Known Issues: DGX-2
See the sections for specific versions to see which issues are open in those versions.
Issue (fixed in 20.02)
Attempting to run GPU-accelerated Docker containers may return the following error.
Failed to initialize NVML: Unknown Error
Explanation and Workaround
This issue occurs if you have installed docker-1.13.1-108 provided by Red Hat Enterprise Linux.
An updated Docker version that resolves the issue is now available. To obtain the update, issue the following:
sudo yum update
Fixed in EL7-20.02
Issue
Switching to the systems/localhost folder results in an error with message “Error connecting to NVSM backend”.
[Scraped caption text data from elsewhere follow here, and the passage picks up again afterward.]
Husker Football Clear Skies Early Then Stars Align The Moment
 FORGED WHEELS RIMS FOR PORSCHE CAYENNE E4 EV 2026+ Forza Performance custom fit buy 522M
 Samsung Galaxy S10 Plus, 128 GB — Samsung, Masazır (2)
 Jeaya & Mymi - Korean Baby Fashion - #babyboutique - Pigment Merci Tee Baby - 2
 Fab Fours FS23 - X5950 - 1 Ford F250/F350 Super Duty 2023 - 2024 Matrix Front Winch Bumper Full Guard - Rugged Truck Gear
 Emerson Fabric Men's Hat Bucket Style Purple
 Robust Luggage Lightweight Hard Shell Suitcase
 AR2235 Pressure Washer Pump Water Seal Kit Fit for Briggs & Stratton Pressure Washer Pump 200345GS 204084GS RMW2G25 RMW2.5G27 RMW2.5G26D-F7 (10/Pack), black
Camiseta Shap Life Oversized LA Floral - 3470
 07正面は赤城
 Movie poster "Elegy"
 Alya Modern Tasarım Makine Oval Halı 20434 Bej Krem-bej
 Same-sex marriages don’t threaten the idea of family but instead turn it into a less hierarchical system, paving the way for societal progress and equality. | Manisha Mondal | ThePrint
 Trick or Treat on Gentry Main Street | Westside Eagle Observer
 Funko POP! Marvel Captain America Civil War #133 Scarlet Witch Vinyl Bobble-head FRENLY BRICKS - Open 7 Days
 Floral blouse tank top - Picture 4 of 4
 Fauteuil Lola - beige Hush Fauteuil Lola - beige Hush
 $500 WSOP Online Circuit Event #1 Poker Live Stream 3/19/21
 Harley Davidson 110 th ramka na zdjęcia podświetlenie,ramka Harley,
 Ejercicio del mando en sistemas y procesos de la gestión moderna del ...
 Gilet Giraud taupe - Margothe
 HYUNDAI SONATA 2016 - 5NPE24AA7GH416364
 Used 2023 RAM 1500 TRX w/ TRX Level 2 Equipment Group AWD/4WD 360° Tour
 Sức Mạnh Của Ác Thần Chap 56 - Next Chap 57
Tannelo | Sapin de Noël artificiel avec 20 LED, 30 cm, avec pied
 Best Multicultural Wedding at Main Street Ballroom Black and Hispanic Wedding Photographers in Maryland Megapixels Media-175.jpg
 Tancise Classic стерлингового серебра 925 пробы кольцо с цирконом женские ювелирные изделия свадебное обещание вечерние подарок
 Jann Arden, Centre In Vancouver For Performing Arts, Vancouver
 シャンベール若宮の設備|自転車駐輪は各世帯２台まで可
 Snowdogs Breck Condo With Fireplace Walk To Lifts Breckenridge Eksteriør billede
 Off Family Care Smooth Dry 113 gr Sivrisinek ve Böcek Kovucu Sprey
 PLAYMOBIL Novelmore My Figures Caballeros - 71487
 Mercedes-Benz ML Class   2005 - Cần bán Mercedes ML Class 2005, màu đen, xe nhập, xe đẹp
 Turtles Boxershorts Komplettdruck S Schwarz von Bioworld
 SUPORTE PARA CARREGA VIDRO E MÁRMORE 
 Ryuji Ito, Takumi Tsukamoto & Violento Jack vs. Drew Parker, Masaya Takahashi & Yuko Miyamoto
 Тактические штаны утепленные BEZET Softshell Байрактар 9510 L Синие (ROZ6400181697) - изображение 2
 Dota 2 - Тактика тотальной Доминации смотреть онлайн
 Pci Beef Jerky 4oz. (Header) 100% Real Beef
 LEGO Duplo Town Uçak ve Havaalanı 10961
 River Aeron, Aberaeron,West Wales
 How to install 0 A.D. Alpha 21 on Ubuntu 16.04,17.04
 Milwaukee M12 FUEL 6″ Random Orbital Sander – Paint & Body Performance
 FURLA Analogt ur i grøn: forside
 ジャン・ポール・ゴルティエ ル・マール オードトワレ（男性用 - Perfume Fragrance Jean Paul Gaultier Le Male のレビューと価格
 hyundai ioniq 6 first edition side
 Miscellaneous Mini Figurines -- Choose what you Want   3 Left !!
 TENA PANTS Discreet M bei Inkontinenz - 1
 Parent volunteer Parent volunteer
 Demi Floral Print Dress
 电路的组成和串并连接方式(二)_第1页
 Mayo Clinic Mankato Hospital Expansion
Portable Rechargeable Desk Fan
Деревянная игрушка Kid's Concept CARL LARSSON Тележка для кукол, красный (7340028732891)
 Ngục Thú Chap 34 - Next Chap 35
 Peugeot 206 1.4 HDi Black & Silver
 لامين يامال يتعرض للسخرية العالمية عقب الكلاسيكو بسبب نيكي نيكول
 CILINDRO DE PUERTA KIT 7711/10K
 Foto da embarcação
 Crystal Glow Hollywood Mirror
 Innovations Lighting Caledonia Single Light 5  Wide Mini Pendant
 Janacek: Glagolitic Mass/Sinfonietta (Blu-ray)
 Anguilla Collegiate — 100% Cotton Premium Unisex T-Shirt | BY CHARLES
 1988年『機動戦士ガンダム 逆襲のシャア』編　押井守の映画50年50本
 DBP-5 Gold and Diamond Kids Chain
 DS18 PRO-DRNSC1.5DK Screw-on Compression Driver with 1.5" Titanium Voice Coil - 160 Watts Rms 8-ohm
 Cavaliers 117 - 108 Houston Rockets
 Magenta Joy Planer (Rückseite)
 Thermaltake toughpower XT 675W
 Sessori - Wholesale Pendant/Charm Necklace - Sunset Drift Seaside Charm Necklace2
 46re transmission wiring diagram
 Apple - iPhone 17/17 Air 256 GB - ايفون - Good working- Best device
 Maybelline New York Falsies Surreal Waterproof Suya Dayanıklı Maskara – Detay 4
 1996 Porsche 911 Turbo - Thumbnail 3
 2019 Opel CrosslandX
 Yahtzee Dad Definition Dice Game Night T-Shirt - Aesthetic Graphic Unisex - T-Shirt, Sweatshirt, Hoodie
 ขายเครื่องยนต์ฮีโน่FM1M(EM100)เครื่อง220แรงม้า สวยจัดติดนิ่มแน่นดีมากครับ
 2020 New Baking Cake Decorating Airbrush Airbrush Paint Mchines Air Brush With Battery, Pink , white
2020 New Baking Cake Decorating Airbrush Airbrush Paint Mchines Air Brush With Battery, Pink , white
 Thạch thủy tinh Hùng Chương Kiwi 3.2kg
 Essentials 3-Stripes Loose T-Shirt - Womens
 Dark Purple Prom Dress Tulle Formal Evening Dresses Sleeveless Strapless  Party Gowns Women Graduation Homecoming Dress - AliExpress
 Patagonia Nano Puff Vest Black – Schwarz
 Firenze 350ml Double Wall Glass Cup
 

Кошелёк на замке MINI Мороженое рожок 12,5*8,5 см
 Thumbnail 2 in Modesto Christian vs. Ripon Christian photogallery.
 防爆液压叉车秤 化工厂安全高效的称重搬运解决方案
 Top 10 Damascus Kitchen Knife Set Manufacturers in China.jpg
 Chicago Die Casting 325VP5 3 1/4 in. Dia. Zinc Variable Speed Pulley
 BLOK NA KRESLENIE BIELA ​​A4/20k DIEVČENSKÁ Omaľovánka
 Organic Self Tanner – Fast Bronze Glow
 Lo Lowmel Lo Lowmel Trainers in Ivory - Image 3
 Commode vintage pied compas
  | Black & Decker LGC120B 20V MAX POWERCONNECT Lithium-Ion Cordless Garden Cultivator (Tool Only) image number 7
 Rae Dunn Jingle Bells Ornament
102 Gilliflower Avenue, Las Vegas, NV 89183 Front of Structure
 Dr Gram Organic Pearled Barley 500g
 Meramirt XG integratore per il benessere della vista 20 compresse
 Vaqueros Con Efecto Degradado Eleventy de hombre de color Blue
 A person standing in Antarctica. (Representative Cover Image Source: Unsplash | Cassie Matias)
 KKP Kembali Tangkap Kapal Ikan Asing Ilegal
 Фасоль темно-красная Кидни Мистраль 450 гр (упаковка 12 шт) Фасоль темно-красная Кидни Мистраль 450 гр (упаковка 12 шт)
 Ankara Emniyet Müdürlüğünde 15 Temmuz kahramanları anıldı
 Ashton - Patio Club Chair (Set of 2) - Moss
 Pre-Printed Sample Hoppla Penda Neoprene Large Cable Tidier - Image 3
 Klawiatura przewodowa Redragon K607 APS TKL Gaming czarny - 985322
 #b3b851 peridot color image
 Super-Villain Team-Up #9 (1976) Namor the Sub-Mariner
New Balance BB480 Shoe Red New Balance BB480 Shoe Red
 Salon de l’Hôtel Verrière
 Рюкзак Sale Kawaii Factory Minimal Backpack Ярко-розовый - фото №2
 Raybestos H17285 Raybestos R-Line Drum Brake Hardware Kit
Explanation and Workaround
This is due to the NVSM mosquitto service accessing the IPv6 interface. To work around, inspect the /etc/hosts
config file for the following lines:
127.0.0.1 localhost localhost.localdomain localhost4 localhost4.localdomain4
::1 localhost localhost.localdomain localhost6 localhost6.localdomain6
Comment out the localhost6 line.
::1 localhost localhost.localdomain localhost6 localhost6.localdomain6
Fixed in EL7-20.02
Issue
After installing the DGX software stack for Red Hat Enterprise Linux, the following query returns messages indicating that various nvsm services have failed to load.
sudo systemctl --state=failed
Explanation and Workaround
This issue occurs with later versions of the Mosquitto messaging service installed with Red Hat Enterprise Linux 7.7. The latest version compatible with some NVSM services is 1.5.8. To work around, restore the Mosquitto service to version 1.5.8 as follows:
Downgrade the Mosquitto service to 1.5.8.
sudo yum downgrade mosquitto-1.5.8-1.el7.x86_64
Restart NVSM services.
sudo systemctl restart nvsm*
This issue is fixed in EL7-19.10.
Issue
After updating the BMC to version 1.05.07, output from nvsm show health
reports PSUs and Fans as “unhealthy” and that they cannot be detected, even though they are fine as indicated when using ipmitool.
Explanation
The “unhealthy” status is erroneous and does not impact functionality.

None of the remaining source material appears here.